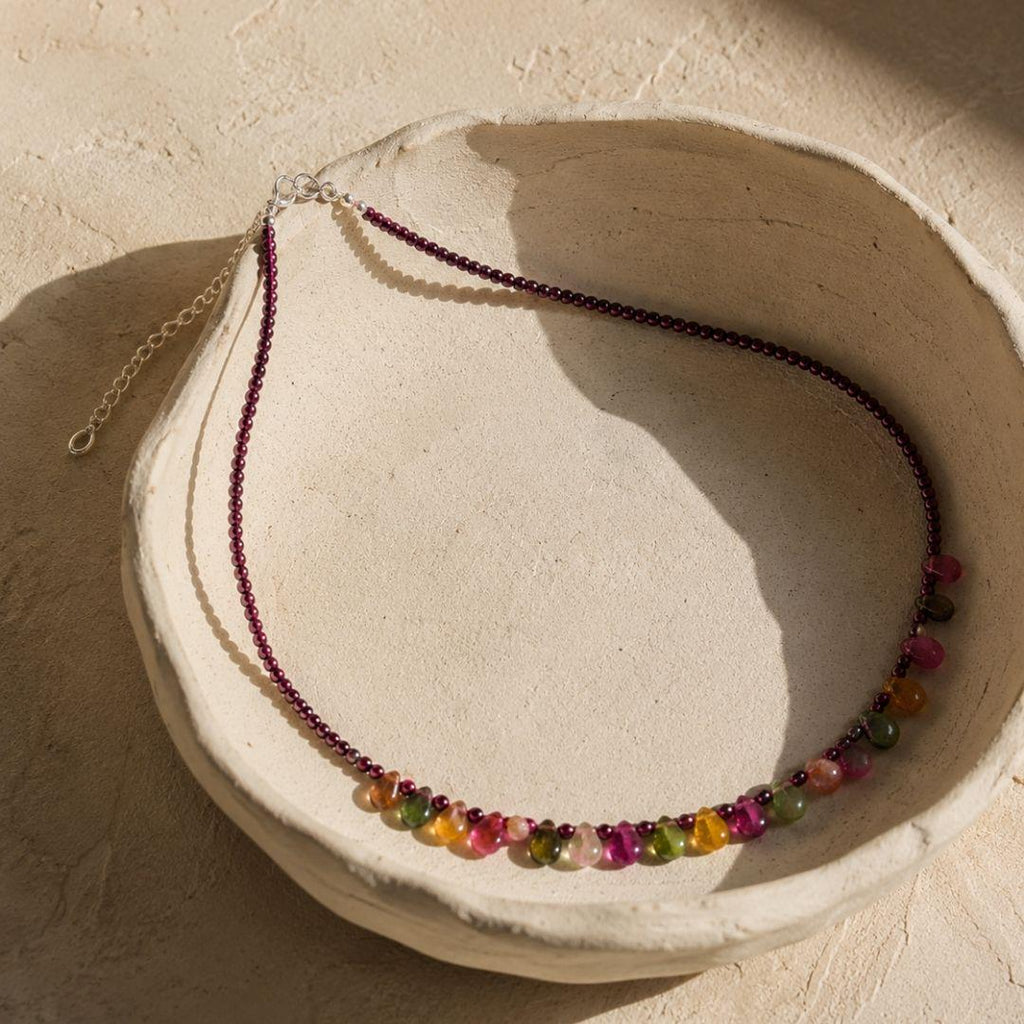 Eos Natural Garnet & Multicolor Tourmaline Necklace, 925 Sterling Silver Gemstone Talisman, Dainty Collarbone Jewelry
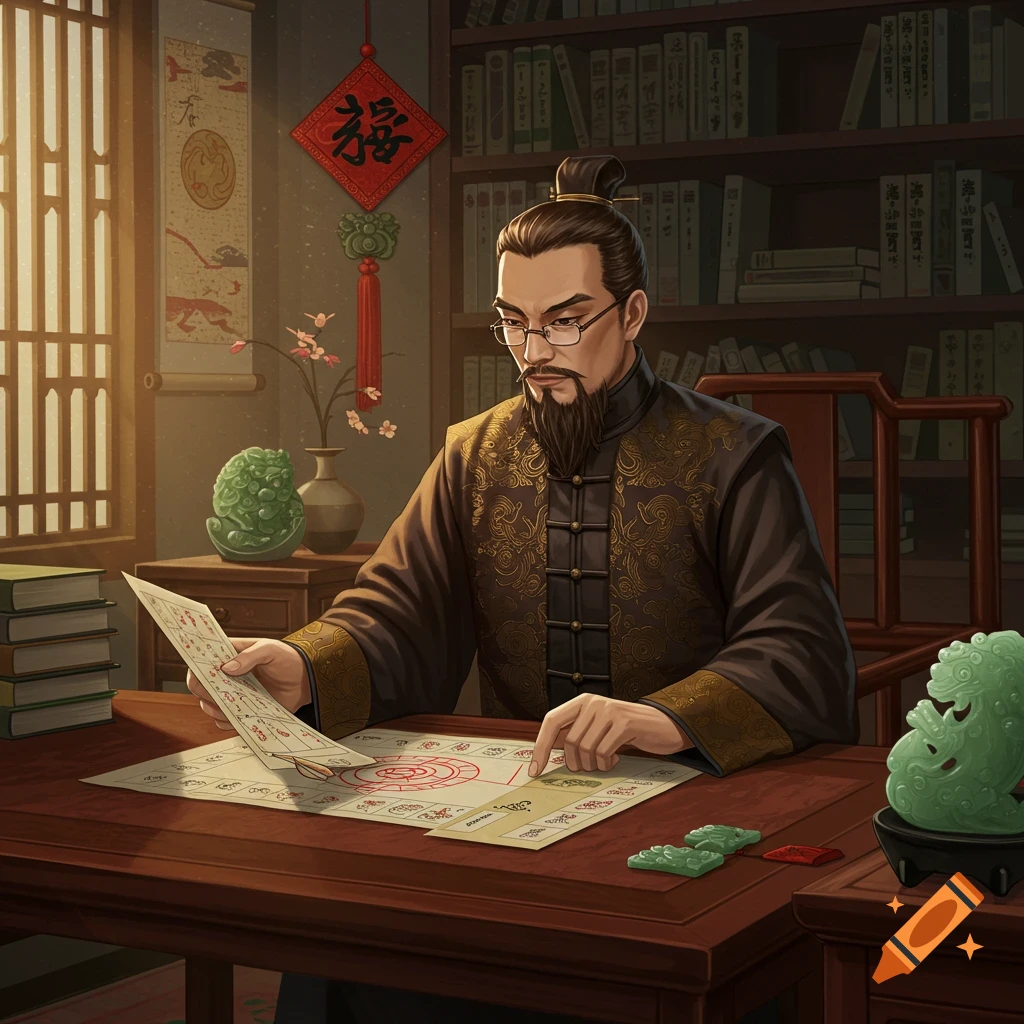 A man in traditional clothing is looking at charts in a study.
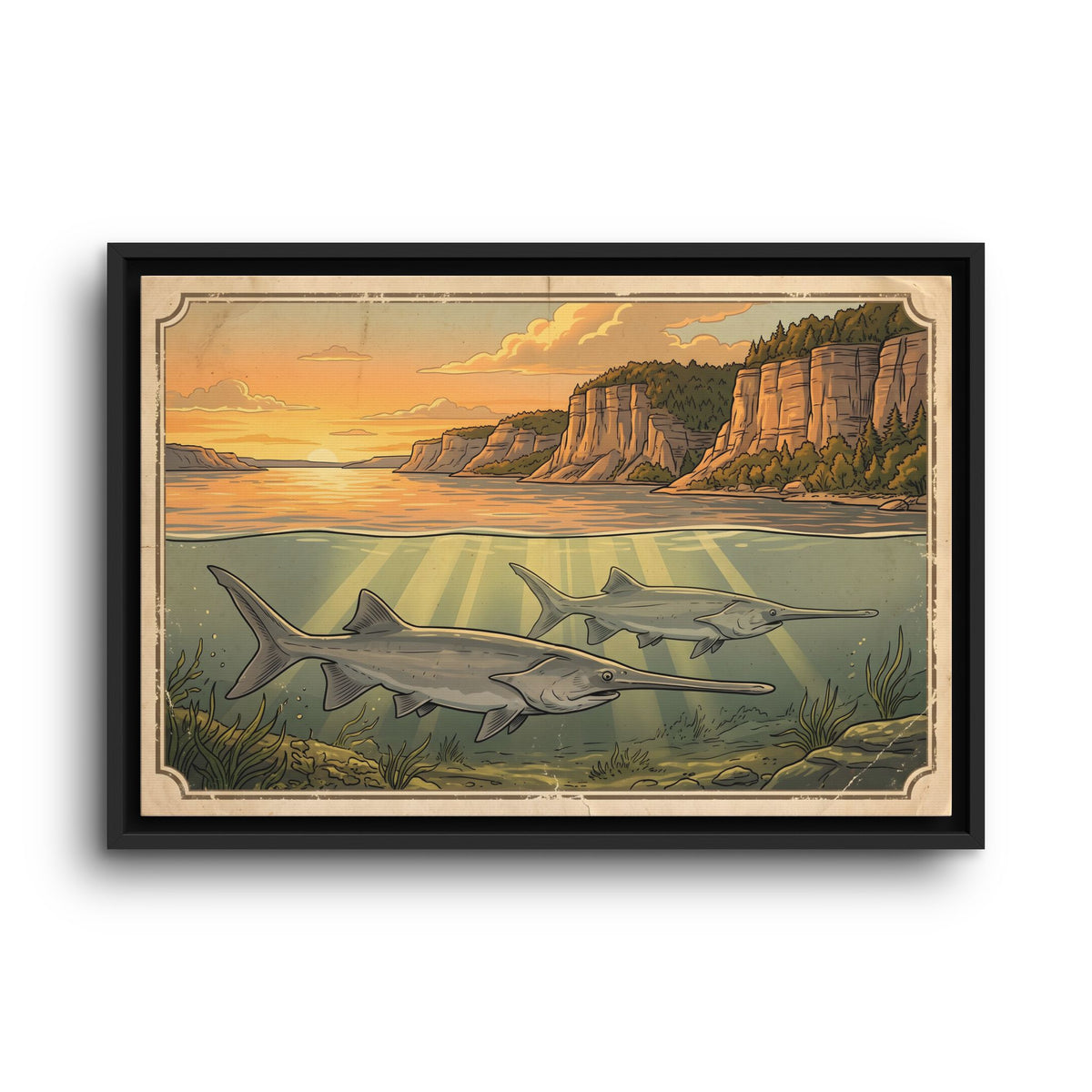 Paddlefish Below the Bluffs framed canvas wall art, view 2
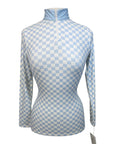 Equestrian Club 'Mia' Long Sleeve Sun Shirt in White/Blue Check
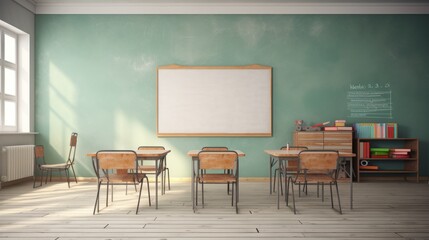 Bright and airy classroom setting with an empty chalkboard for educational concepts
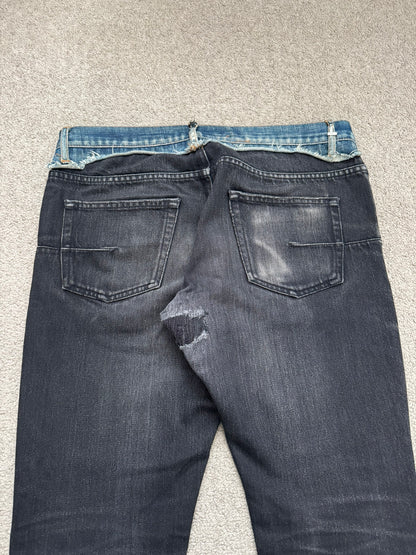 AW06 Dior Homme by Hedi Slimane Cummerbund Denim Jeans
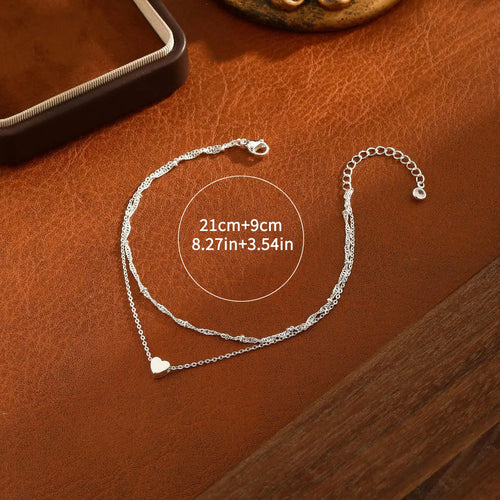 1Pcs Stainless Steel Initial Ankle Bracelets for Women Layered Dainty Heart Anklet Beaded Anklets for Women Waterproof Plus Size Ankle Foot Chain Summer Essentials Jewelry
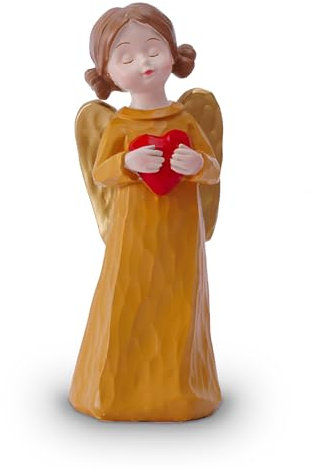 Tuzsocr 15cm Schutzengel-Statue, Harz Engelfigur, Engel Statuen Halten Herz, Hand Gemalt Engel Betend Skulptur, Weihnachtsengel Ornament, Memorial Geschenke, für Mütter Tag Thanksgiving (Gelb)
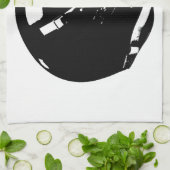 白黒ポップ・アートのアートサッカーヘルメット キッチンタオル (折り畳み)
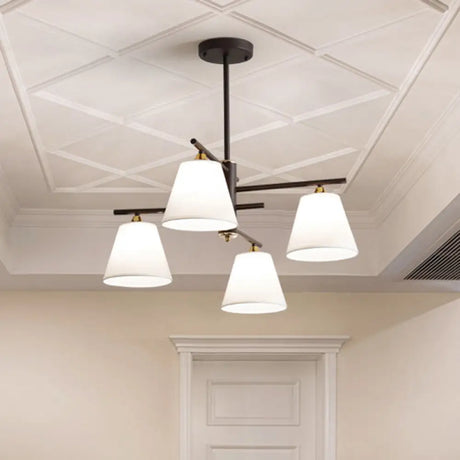 Tapered Hanging Chandelier - Traditional Pendant Light For Living Room With Fabric Shades Available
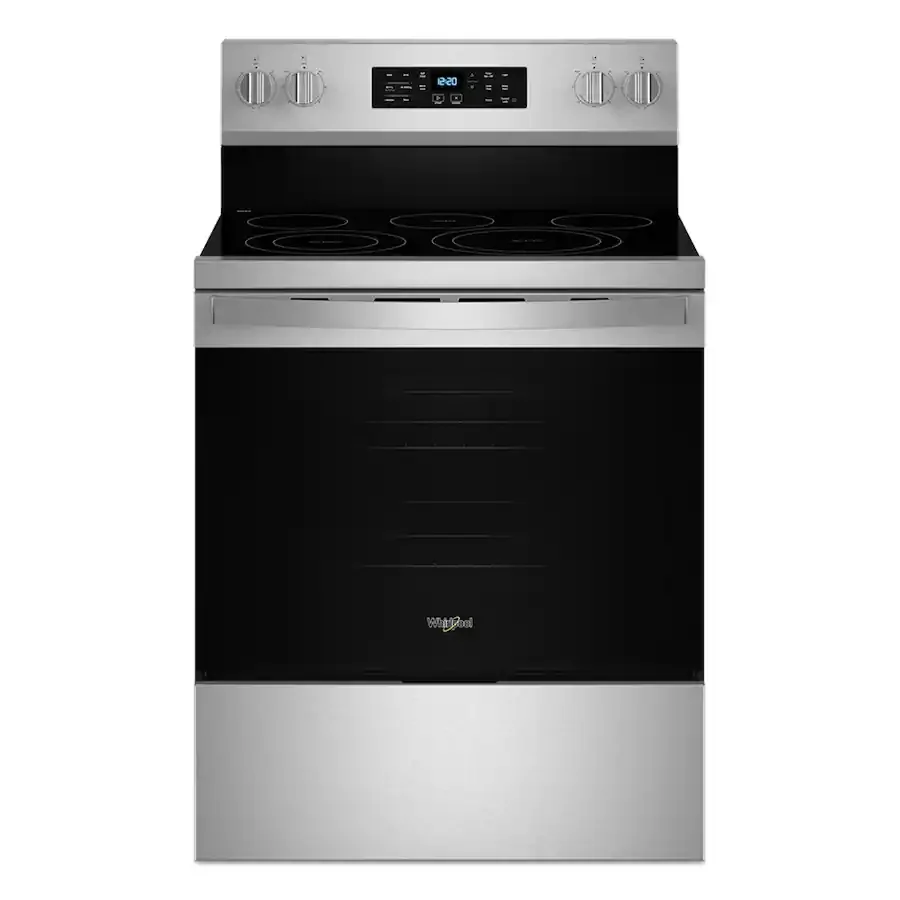 Whirlpool 30-inch Freestanding Electric Range with No-Preheat Air Fry & 5 Radiant Elements (Stainless Steel)
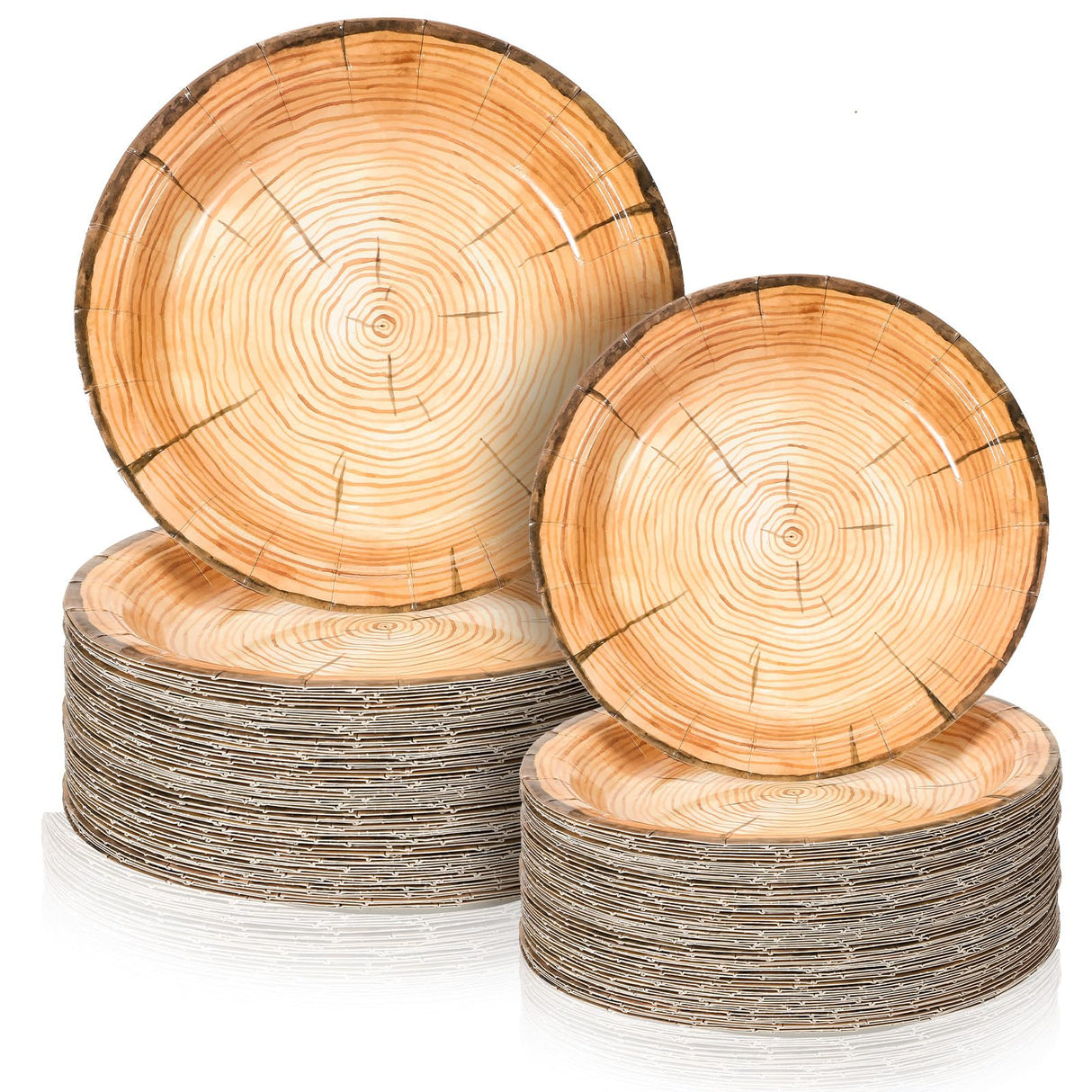 Tioncy 100 Pcs Wood Grain Paper Plates 7" 9" Rustic Wood Slice Plate Farmhouse Round Disposable Dinner Plate for Woodland Baby Shower Lumberjack Birthday Party Supplies(wood Grain, 100 Pieces) Tioncy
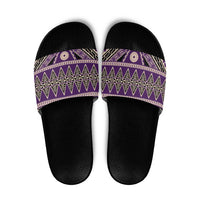 Vintage Bula Fiji Slide Sandals Purple Tapa Masi Motif LT9 Purple - Polynesian Pride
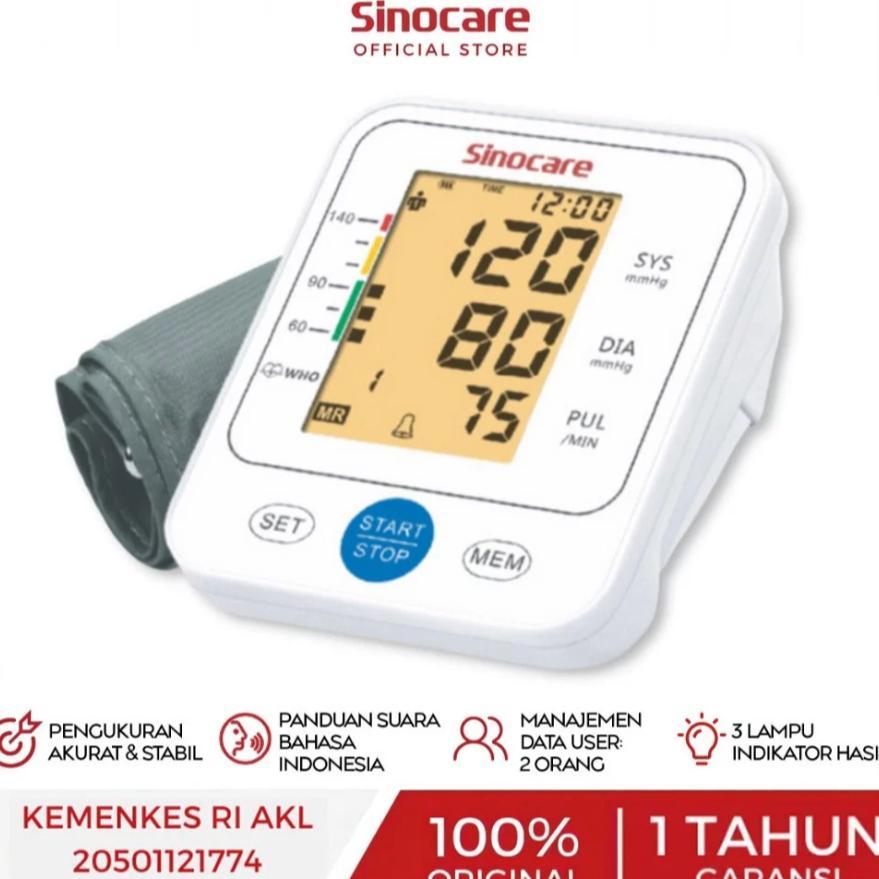 Alat Tensi Darah Digital Otomatis Sinocare Bsx-516 (Bahasa) Tensi Digital Alat Cek Tensi Darah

ACTION ITEM » Nothing but the lines from the one containing "AW06 Dior Homme" through the final line of the entries above should be given again, each exactly as written; omit the pictures.

SOLUTION TO THE PROBLEM »
 AW06 Dior Homme by Hedi Slimane Cummerbund Denim Jeans
 1Pcs Stainless Steel Initial Ankle Bracelets for Women Layered Dainty Heart Anklet Beaded Anklets for Women Waterproof Plus Size Ankle Foot Chain Summer Essentials Jewelry
 Tuzsocr 15cm Schutzengel-Statue, Harz Engelfigur, Engel Statuen Halten Herz, Hand Gemalt Engel Betend Skulptur, Weihnachtsengel Ornament, Memorial Geschenke, für Mütter Tag Thanksgiving (Gelb)
 白黒ポップ・アートのアートサッカーヘルメット キッチンタオル (折り畳み)
 Tapered Hanging Chandelier - Traditional Pendant Light For Living Room With Fabric Shades Available
 Whirlpool 30-inch Freestanding Electric Range with No-Preheat Air Fry & 5 Radiant Elements (Stainless Steel)
 Tioncy 100 Pcs Wood Grain Paper Plates 7" 9" Rustic Wood Slice Plate Farmhouse Round Disposable Dinner Plate for Woodland Baby Shower Lumberjack Birthday Party Supplies(wood Grain, 100 Pieces) Tioncy
 Vintage Bula Fiji Slide Sandals Purple Tapa Masi Motif LT9 Purple - Polynesian Pride
 Alat Tensi Darah Digital Otomatis Sinocare Bsx-516 (Bahasa) Tensi Digital Alat Cek Tensi Darah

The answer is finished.